Alessandro Baricco first found fame with his novel Silk, published in 1996, translated into English a year later, and made into a film in 2007. Since then his work has regularly appeared in English, generally, but not exclusively, translated by Ann Goldstein. Baricco is a restless writer, difficult to pin down to a particular style or subject. (This might partly explain the number of publishers: he is now in the safe hands of Europa Editions). The historical setting of Silk is replicated in a number of his novels, from his retelling of the Iliad in the voices of its protagonists in An Iliad to the Victorian setting of Lands of Glass, but other novels such as Emmaus and Mr Gwyn, have a more contemporary setting. They also vary widely in length: Silk and Without Blood are little more than long short stories. What they perhaps share is a sense of the story being more important than the reality created around it – in other words there is something of the fable about them – and this can be seen clearly in The Young Bride.
It has a historical setting but one which is vague and undefined. Its characters are known only by their label – the young Bride, the Father, the Mother, the Son – with only their servant, Modesto, granted a name, albeit one which refers to his primary quality. The family have a strict routine which begins when Modesto wakens them with a weather report, and continues with a lengthy breakfast:
“The usual practice keeps them at the table for hours, crossing over into the zone of lunch (which in fact in this house no one ever gets round to), as in an Italian imitation of the more stylish ‘brunch’.”
This routine is disrupted when the young Bride appears (“She wasn’t expected that day, or maybe she was, but they had forgotten about it”), promised to the Son in marriage three years earlier, now eighteen, the age at which it was agreed they would marry. In the meantime, however, the Son has been sent to England to study the textile industry, and needs to be summoned by telegram.
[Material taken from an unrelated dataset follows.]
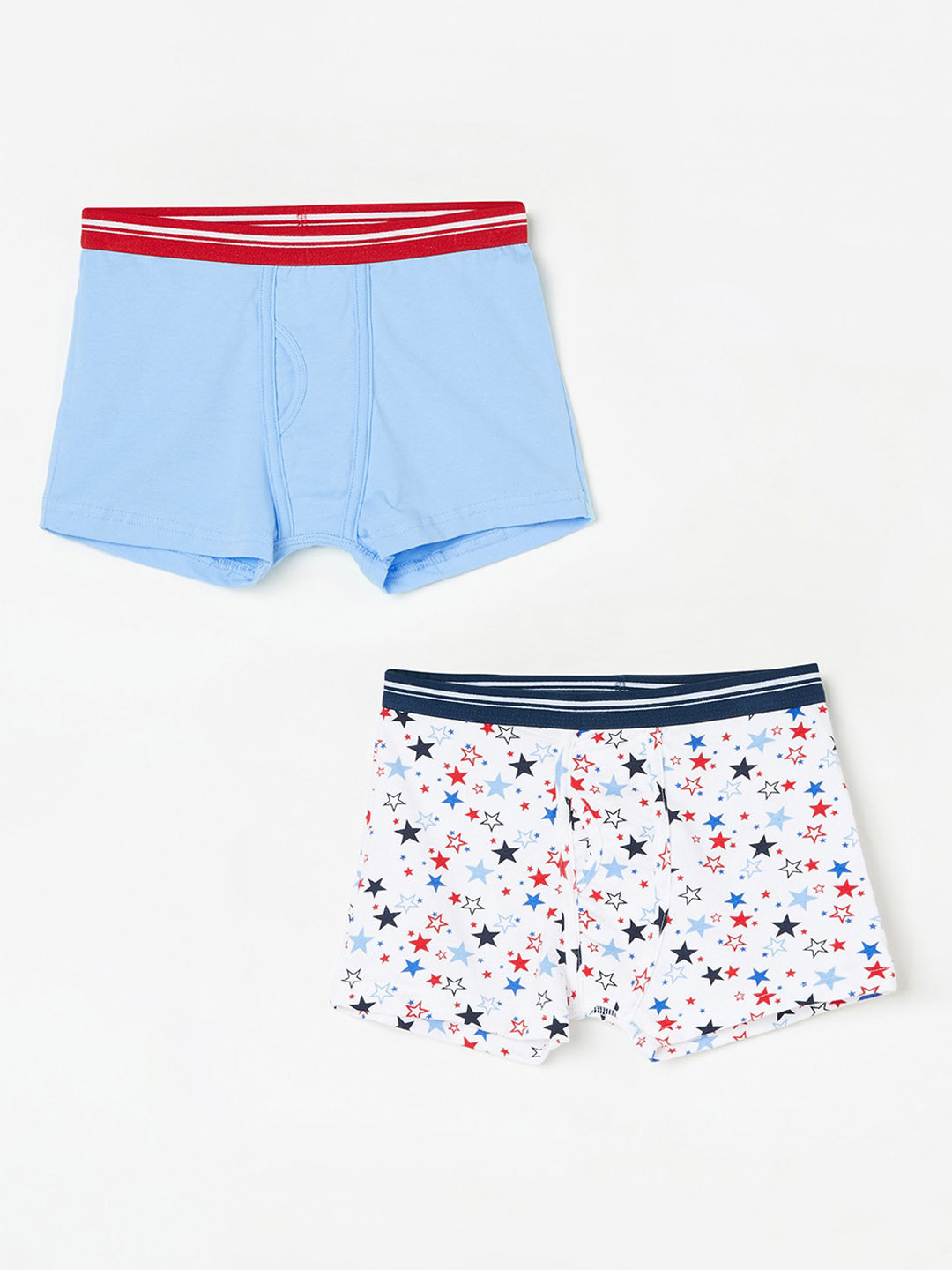 

Fame Forever by Lifestyle Kids Boys Pack Of 2 Cotton Boxers, Blue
The novel, then, is set up very much like a 19th century novel (I couldn’t help thinking, for example, of The House of Ulloa) where a stranger (acting as the eyes of the reader) is introduced to the household of an eccentric and isolated family, the primary concern being marriage. Two aspects, however, make it very clear that this is a contemporary rendering of an old tale: one is the sexual awakening of the young Bride; the other the self-reflexive commentary by the writer (not Baricco, but a character he has created) on the process of writing. The novel also has an unusual style where it drifts into first person at points in the story, frequently, but not only, with the young Bride:
“…writing about the young Bride, I more or less abruptly change the narrative voice, for reasons that at the moment seem to me exquisitely technical, or at most blandly aesthetic, with the obvious result of complicating the life of the reader; that in itself is negligible, yet it has an irritating effect of virtuosity that at first I even tried to fight, before surrendering to the evidence that I simply couldn’t hear those sentences unless they slipped out that way…”
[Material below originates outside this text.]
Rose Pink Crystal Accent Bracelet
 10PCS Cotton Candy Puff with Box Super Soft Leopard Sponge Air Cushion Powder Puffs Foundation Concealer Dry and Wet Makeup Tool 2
The writer, though female, is not the young Bride looking back on he life When she reflects on being that age she remembers “only a great confusion but also… the waste of an unprecedented and unused beauty,” whereas the story of the young Bride is very much about learning to use her beauty.
Her grandmother tells her at a young age that her beauty is a danger to her:
“Forget that you’re a woman, don’t dress like a woman, don’t move like a woman, cut your hair, don’t look at yourself in the mirror, ruin your hands, burn your skin, don’t ever wish to be beautiful, don’t try to please anyone, you mustn’t please even yourself. You have to inspire disgust, and then they’ll leave you alone…”
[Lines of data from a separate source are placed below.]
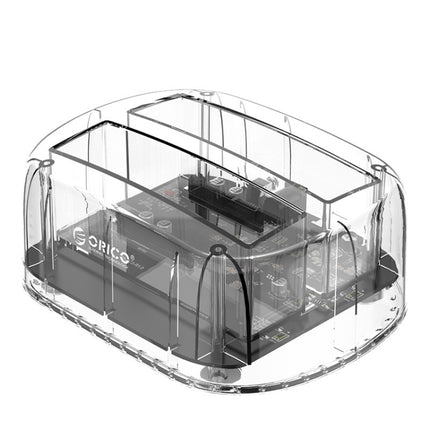 ORICO 6239C3 2.5/3.5inch 2 Bay Transparent Type-C Hard Drive Dock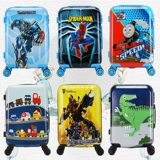Мультяшный детский чемодан для мальчиков с сидением, 18 дюймов, 20 дюймов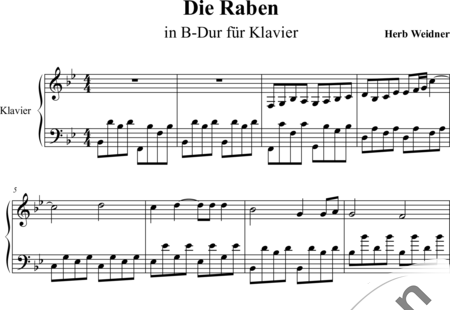 Weidner, Herb: Die Raben - Klavier:0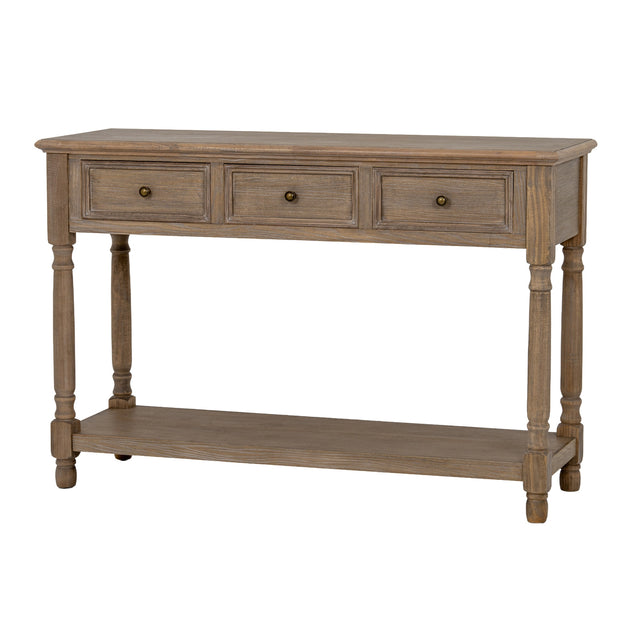 Delphine Collection 3 Drawer Console With Shelf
It is only when she arrives as the young Bride that she allows herself to feel like a woman again, encouraged by, first of all, the Daughter, who teaches her to masturbate. This is followed by a sexual encounter with the Mother, who herself possesses beauty of great power – an index of the ‘incidents’ it has caused follows. (The Father limits his input to taking her to a brothel). As its title suggests, the novel is also an erotic story (when the writer is asked what attracts her to writing about sex, she replies, “That it’s difficult”) where sex is seen as a liberating force.
The contemporary female writer telling the story of a young woman’s coming of age set in a now-distant past couldn’t help but remind me of Elena Ferrante, but what we have is in fact a riposte to Ferrante’s work:
“I’ve never though the job of writing could be resolved by wrapping one’s own affairs up in a literary package, employing the painful stratagem of changing the names and sometimes the sequence of events when, instead, the more proper sense of what we can do has always seemed to me to put between our life and what we write a magnificent distance that, produced first by the imagination, then filled in by craft and dedication, carries us to a place where worlds, non-existent before, appear.”
This is what gives The Young Bride its fable-like quality, its refusal to entirely imitate reality, moving in single sentence from the everyday detail to the echo of a dream. It is both enticing and elusive at the same time, leaving the reader seduced but also teased, delivering a series of climaxes but never satisfying. As it says at the end:
“The young Bride knew the answer with absolute precision but she kept it to herself.
“Here I ask the questions, she said.”